<<<<

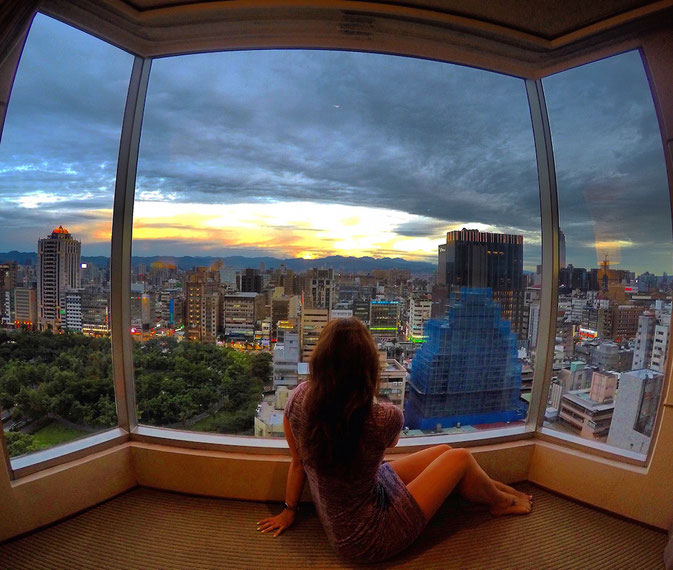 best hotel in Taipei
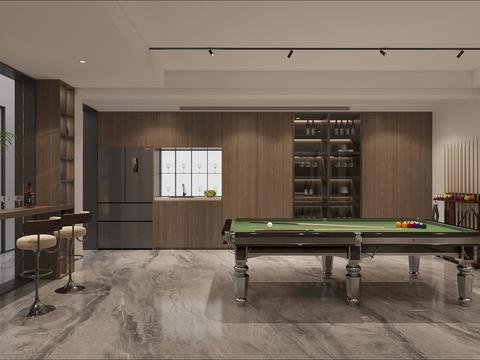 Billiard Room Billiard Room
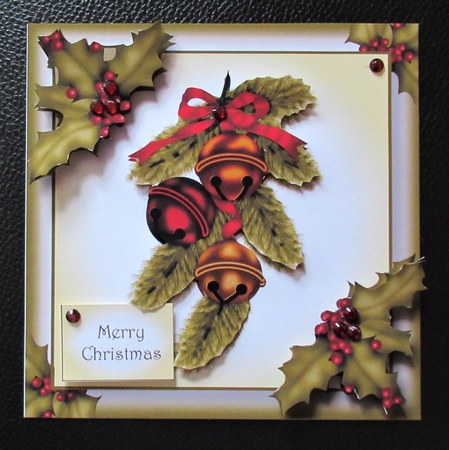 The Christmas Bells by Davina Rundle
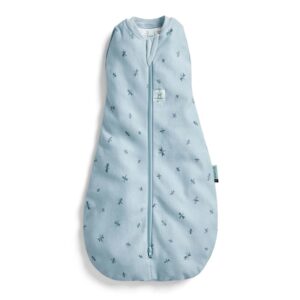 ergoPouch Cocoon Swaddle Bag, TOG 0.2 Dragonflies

>>>>
<<<<

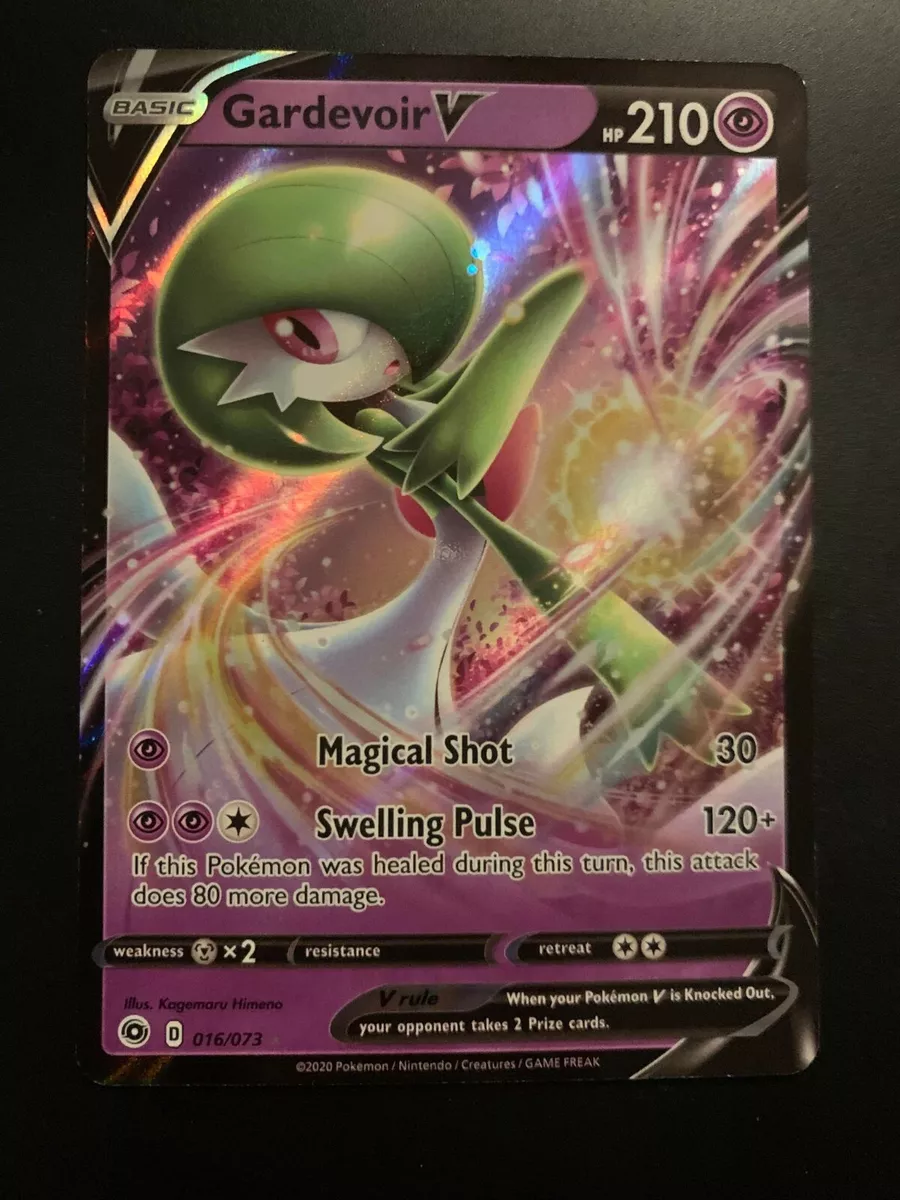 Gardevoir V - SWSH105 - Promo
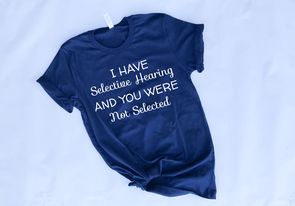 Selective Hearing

>>>>

_EXERCISE_:
Range to copy from the records above: the line containing "best hotel in Taipei" to the line containing "ergoPouch Cocoon Swaddle", both included. Output those lines exactly and only those, skipping pictures.

_OUTPUT OF THE EXERCISE_:
 best hotel in Taipei
 Billiard Room Billiard Room
 The Christmas Bells by Davina Rundle
 ergoPouch Cocoon Swaddle Bag, TOG 0.2 Dragonflies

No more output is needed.